■ What you should do: Without changing a word, repeat the data, and include no pictures.

■ Task input:

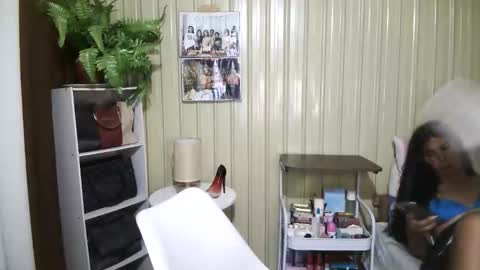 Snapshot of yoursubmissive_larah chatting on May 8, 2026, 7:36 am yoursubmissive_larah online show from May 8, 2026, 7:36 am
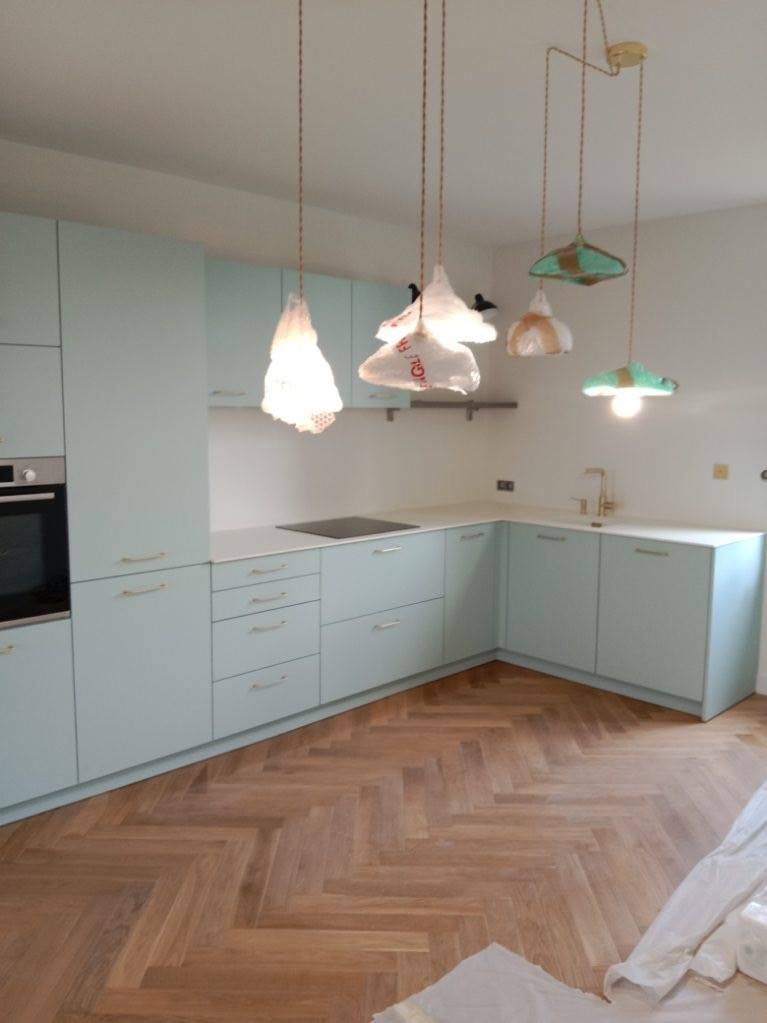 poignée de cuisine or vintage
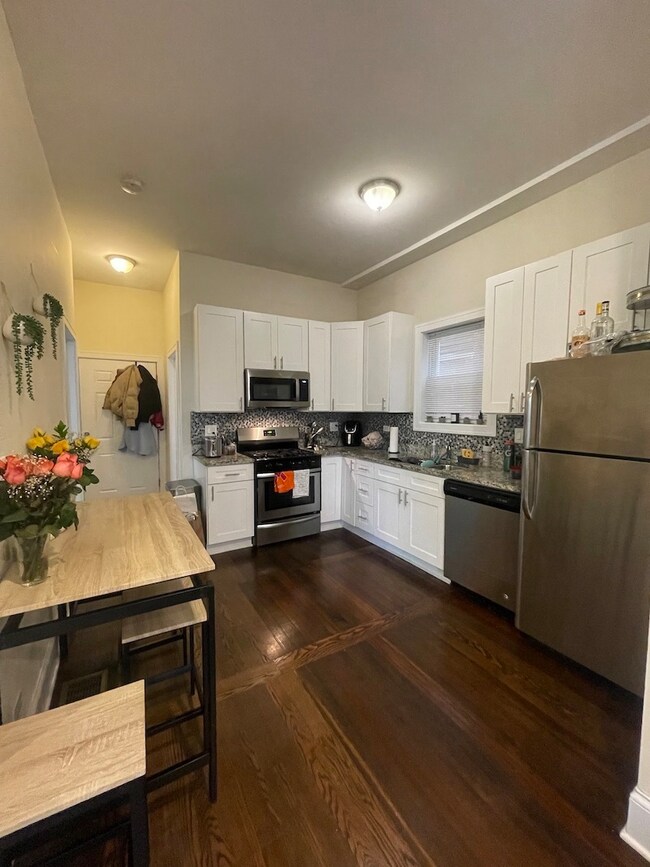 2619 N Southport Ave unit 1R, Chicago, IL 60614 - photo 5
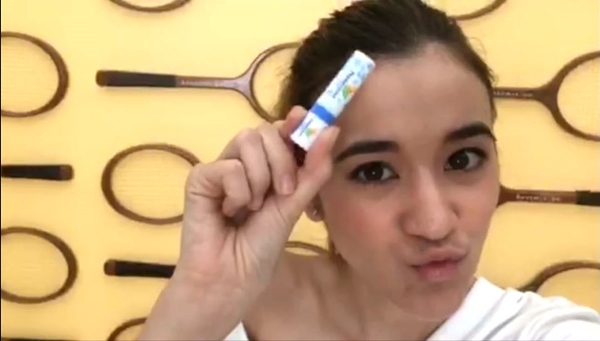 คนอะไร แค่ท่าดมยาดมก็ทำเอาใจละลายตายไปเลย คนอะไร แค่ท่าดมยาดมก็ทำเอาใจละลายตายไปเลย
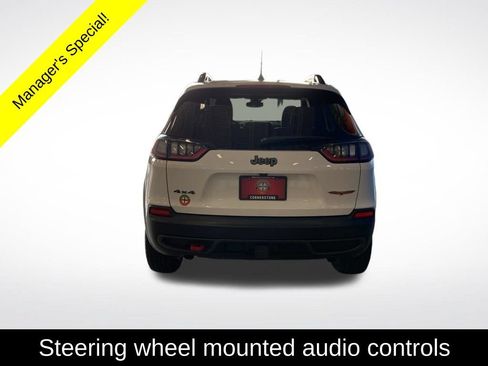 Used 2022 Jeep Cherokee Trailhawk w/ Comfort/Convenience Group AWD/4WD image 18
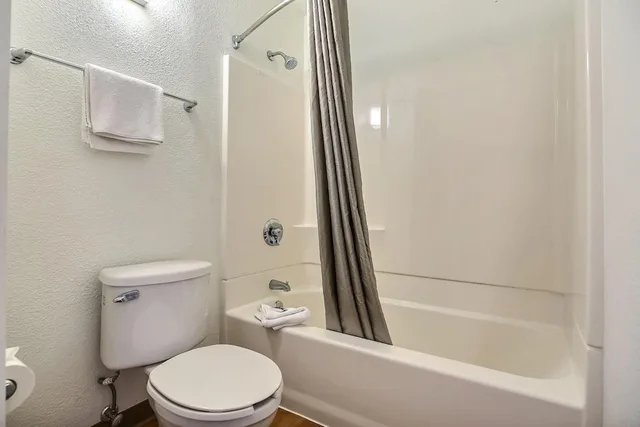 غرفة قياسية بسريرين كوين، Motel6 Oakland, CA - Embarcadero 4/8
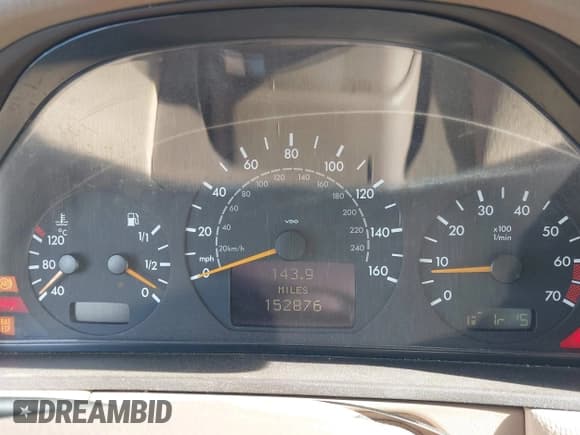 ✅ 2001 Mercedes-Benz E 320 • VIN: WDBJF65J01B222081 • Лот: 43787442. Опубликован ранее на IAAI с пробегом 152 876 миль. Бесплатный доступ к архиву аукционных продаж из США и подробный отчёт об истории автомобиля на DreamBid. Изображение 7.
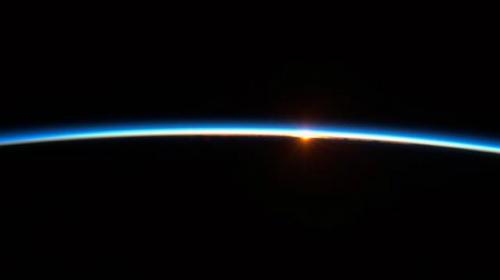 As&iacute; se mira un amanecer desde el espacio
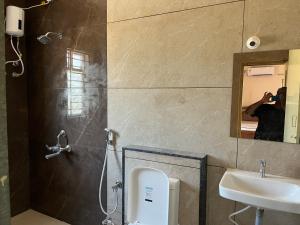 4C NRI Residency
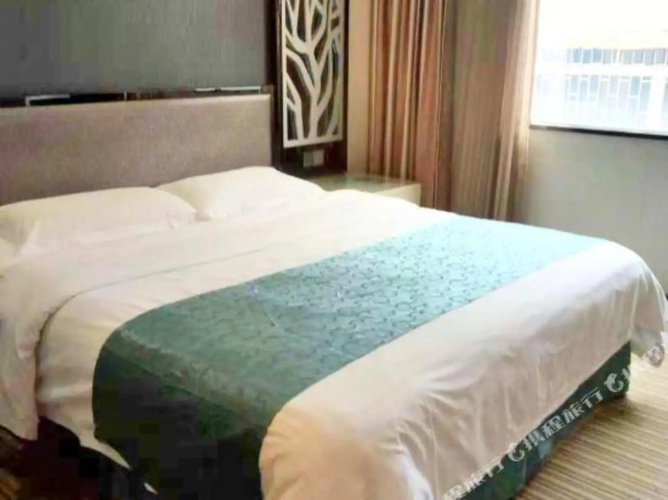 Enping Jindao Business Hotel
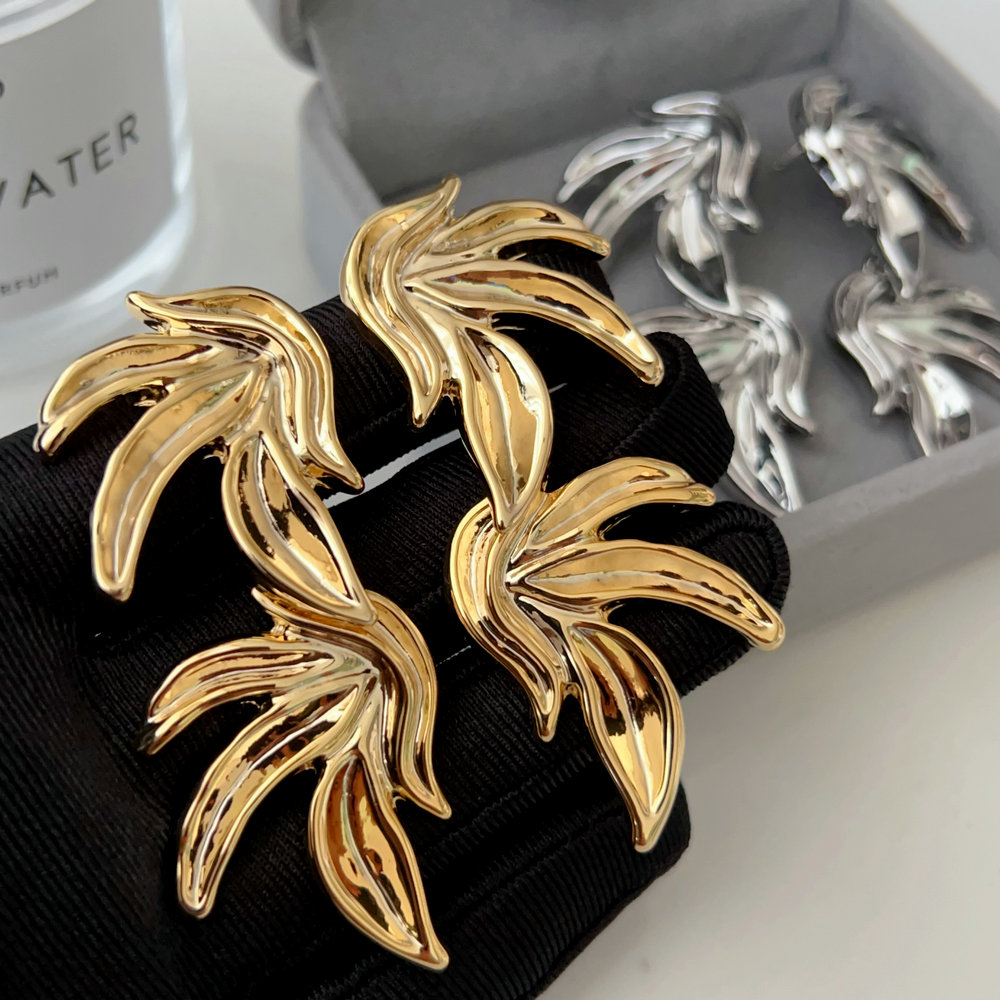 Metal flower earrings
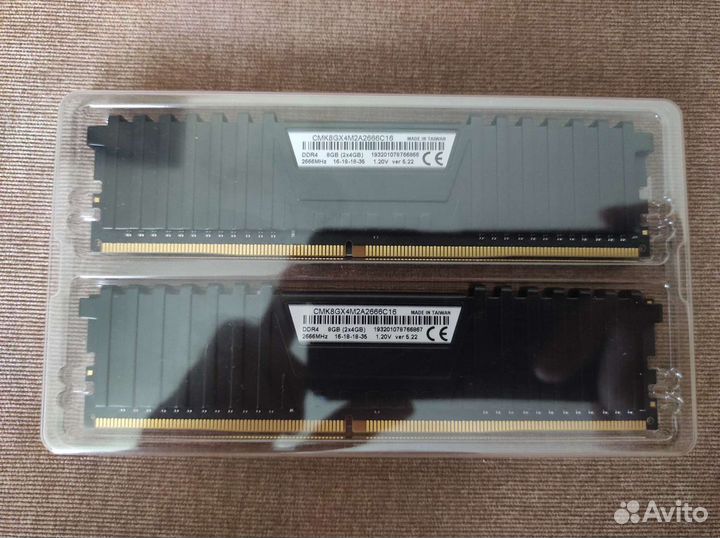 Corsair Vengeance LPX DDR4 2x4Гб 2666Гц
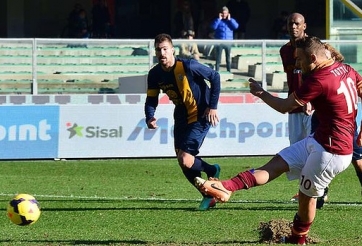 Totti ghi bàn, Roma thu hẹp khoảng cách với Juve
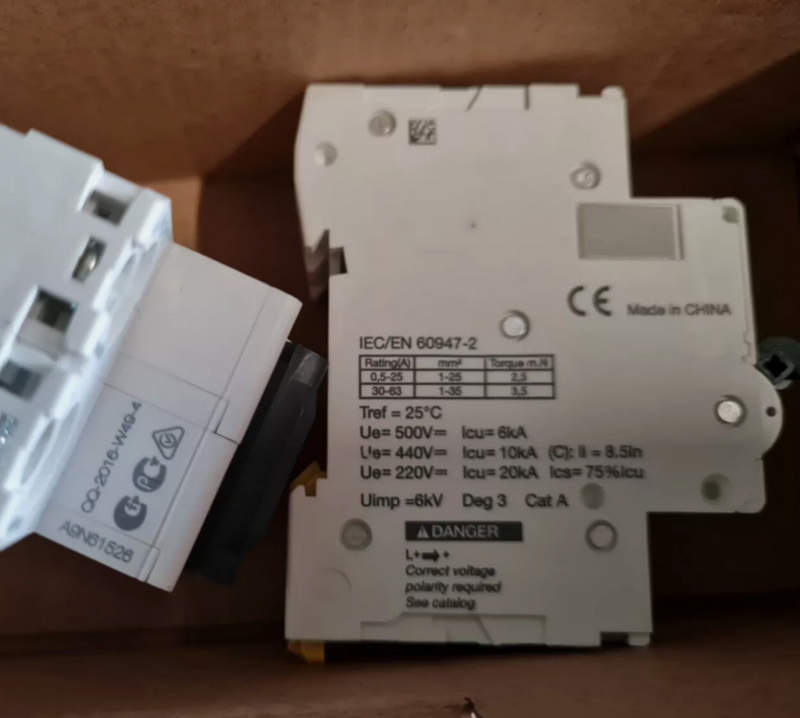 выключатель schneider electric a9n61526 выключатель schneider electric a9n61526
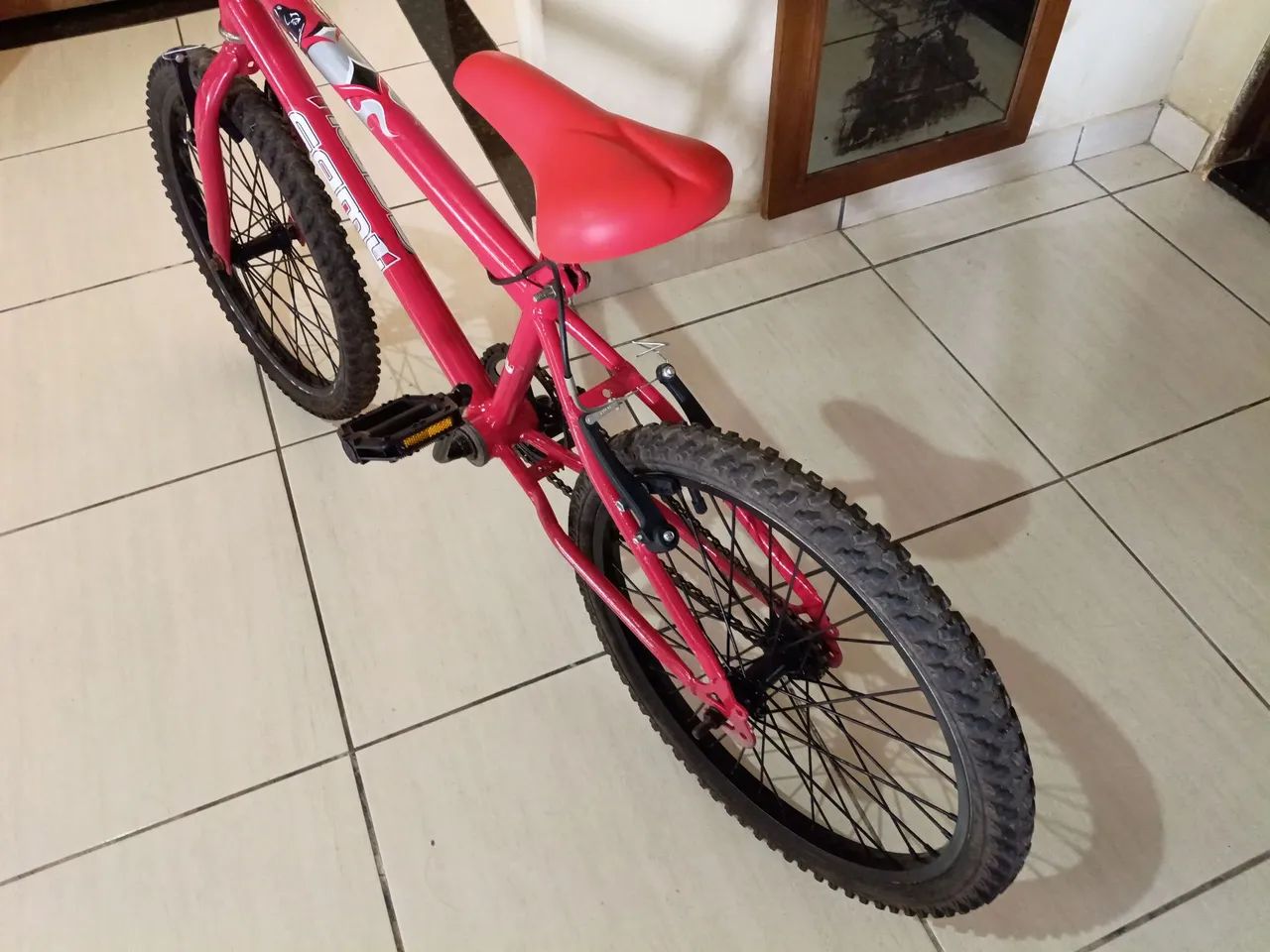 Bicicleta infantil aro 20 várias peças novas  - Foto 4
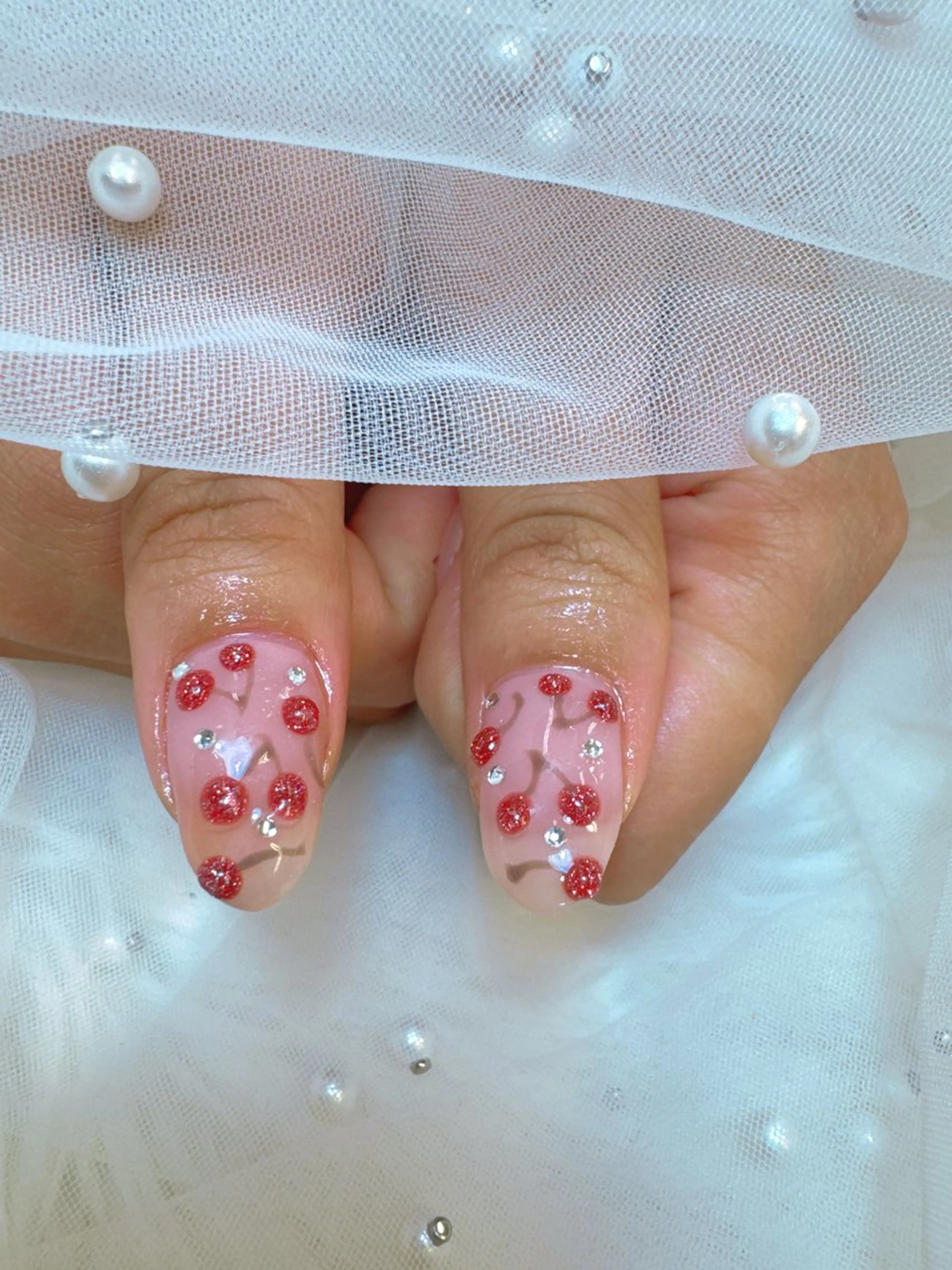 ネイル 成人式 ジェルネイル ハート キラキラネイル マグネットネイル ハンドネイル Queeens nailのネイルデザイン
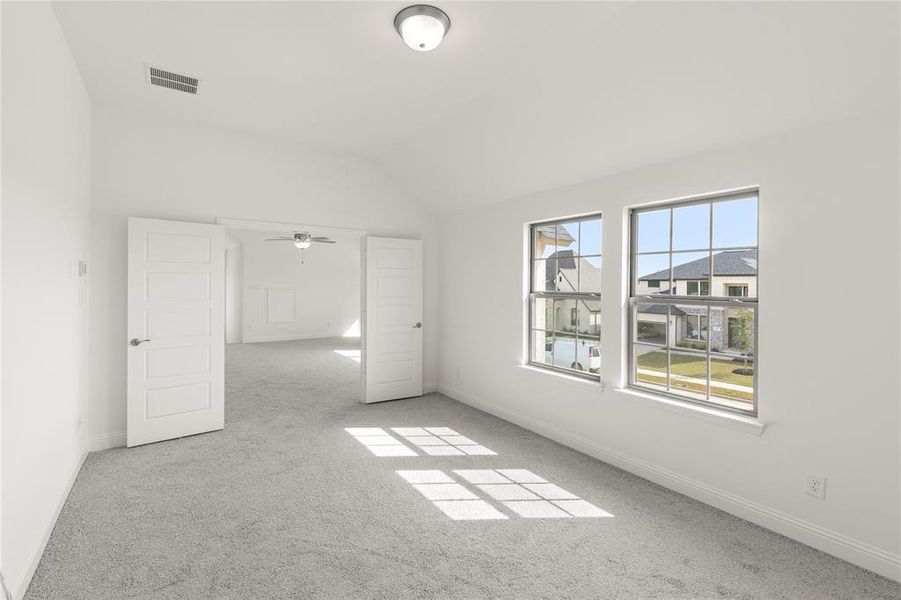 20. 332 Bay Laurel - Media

■ Response to this task:
 Snapshot of yoursubmissive_larah chatting on May 8, 2026, 7:36 am yoursubmissive_larah online show from May 8, 2026, 7:36 am
 poignée de cuisine or vintage
 2619 N Southport Ave unit 1R, Chicago, IL 60614 - photo 5
 คนอะไร แค่ท่าดมยาดมก็ทำเอาใจละลายตายไปเลย คนอะไร แค่ท่าดมยาดมก็ทำเอาใจละลายตายไปเลย
 Used 2022 Jeep Cherokee Trailhawk w/ Comfort/Convenience Group AWD/4WD image 18
 غرفة قياسية بسريرين كوين، Motel6 Oakland, CA - Embarcadero 4/8
 ✅ 2001 Mercedes-Benz E 320 • VIN: WDBJF65J01B222081 • Лот: 43787442. Опубликован ранее на IAAI с пробегом 152 876 миль. Бесплатный доступ к архиву аукционных продаж из США и подробный отчёт об истории автомобиля на DreamBid. Изображение 7.
 As&iacute; se mira un amanecer desde el espacio
 4C NRI Residency
 Enping Jindao Business Hotel
 Metal flower earrings
 Corsair Vengeance LPX DDR4 2x4Гб 2666Гц
 Totti ghi bàn, Roma thu hẹp khoảng cách với Juve
 выключатель schneider electric a9n61526 выключатель schneider electric a9n61526
 Bicicleta infantil aro 20 várias peças novas  - Foto 4
 ネイル 成人式 ジェルネイル ハート キラキラネイル マグネットネイル ハンドネイル Queeens nailのネイルデザイン
 20. 332 Bay Laurel - Media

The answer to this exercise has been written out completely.